What do you predict will be the "bad news" of exercise and how can we stay out of those stories?
- Diets: I see a continued push to embrace a "diet-only" approach to fat loss and the use of diets that may not provide the nutrients necessary for the proper functioning of our body. Attacking the problem by a focus on weight loss — and assuming that the lost weight is due to a loss of body fat only — is deceptive to the user. In some extreme cases, people can incur serious physical damage to themselves. Changes must be centered in one's lifestyle and must be permanent. The "yo-yo" approach to dieting can be dangerous and does not produce the healthy body composition changes we really desire.
- Car-pedestrian accidents: When exercising in one's neighborhood, always face oncoming traffic. If drivers don't see you, you will always see them and you can avoid an oncoming car by jumping out of the way, if necessary.
- Injuries: Recognize the hazards of misusing cardiovascular equipment. Incorporate the use of warm-up and cool-down phases into your workout routine. These phases allow the body to adjust to and from exercise in a gradual, safe way. If you suddenly get off the equipment with an elevated heart rate, you could faint and/or become nauseous. Never stop moving until your heart rate following exercise is around 100 beats per minute or lower.
- Heart attacks: Be aware of risk and benefit in early morning workouts. Early morning exercise is great to boost your metabolism for the remainder of the day. But if you put too abrupt a load on your heart, it can cause a problem. Statistics point to a higher chance of heart attacks early in the day. Whatever the hour, if you can't carry on a conversation, whether jogging or using equipment, you're exercising too intensively.
What's your recommended gift for self or others?
Invest in shoes that are appropriate for your chosen activity.

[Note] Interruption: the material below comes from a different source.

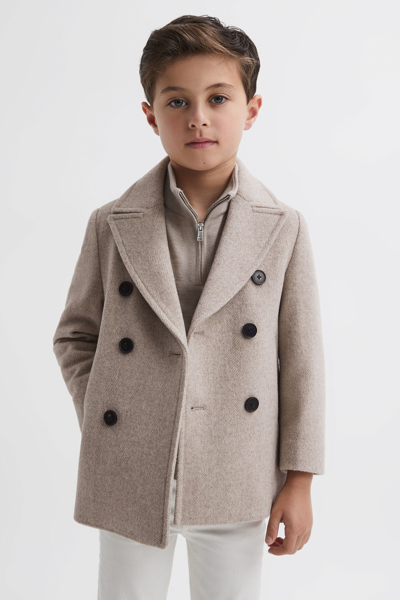 Reiss Bergamo - Oatmeal Junior Wool Blend Double Breasted Peacoat, Uk 7-8 Yrs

If you are choosing between walking and jogging shoes, always choose the jogging shoe for the additional padding and comfort. Many people use their exercise shoes far too long and wonder why their feet hurt. Consistently used shoes will last three to six months before needing to be replaced. If in doubt, go to your favorite store and try on a pair of new shoes of the same brand and model. If you feel a significant difference, buy them!

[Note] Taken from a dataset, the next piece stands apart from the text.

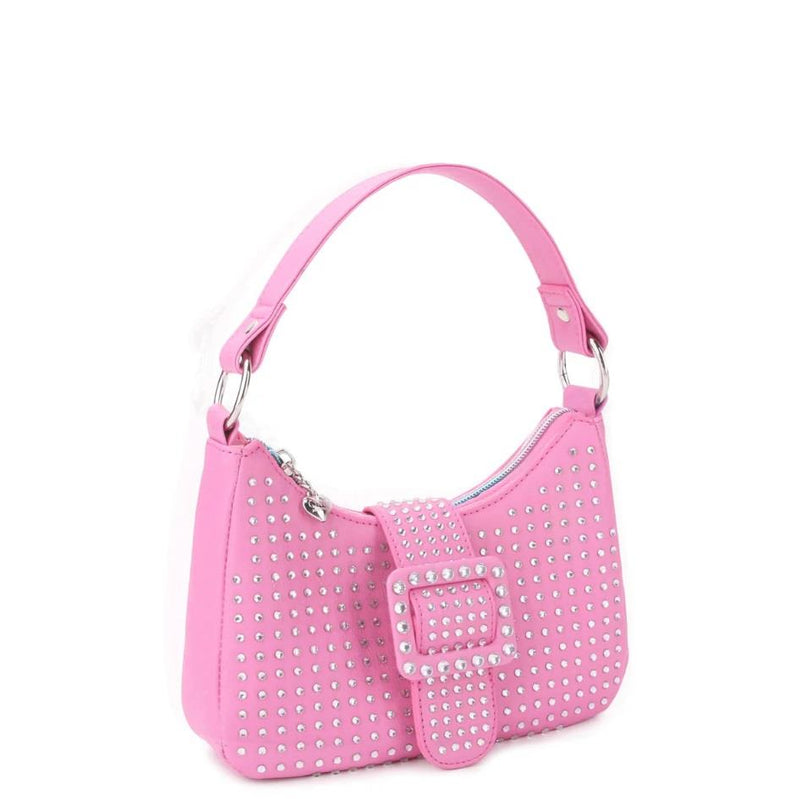 OMG Pink Rhinestone Mini Crescent Bag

What trends are your favorite good news?
I see a continued growth in Yoga, Tai Chi and Pilates. In addition to the mental aspect of these programs, there is an improvement in the awareness of one's degree of flexibility. If my flexibility is impaired, I won't want to go and "play". Also, there is an increased emphasis to learn to play again — a renewal of people encouraging their employees and colleagues to get out of the house and away from the television or computer and recapture a part of their childhood. This is good news for those of us in kinesiology. Kinesiology is the antithesis of technology. We provide the balance for one's lifestyle and try to make it fun.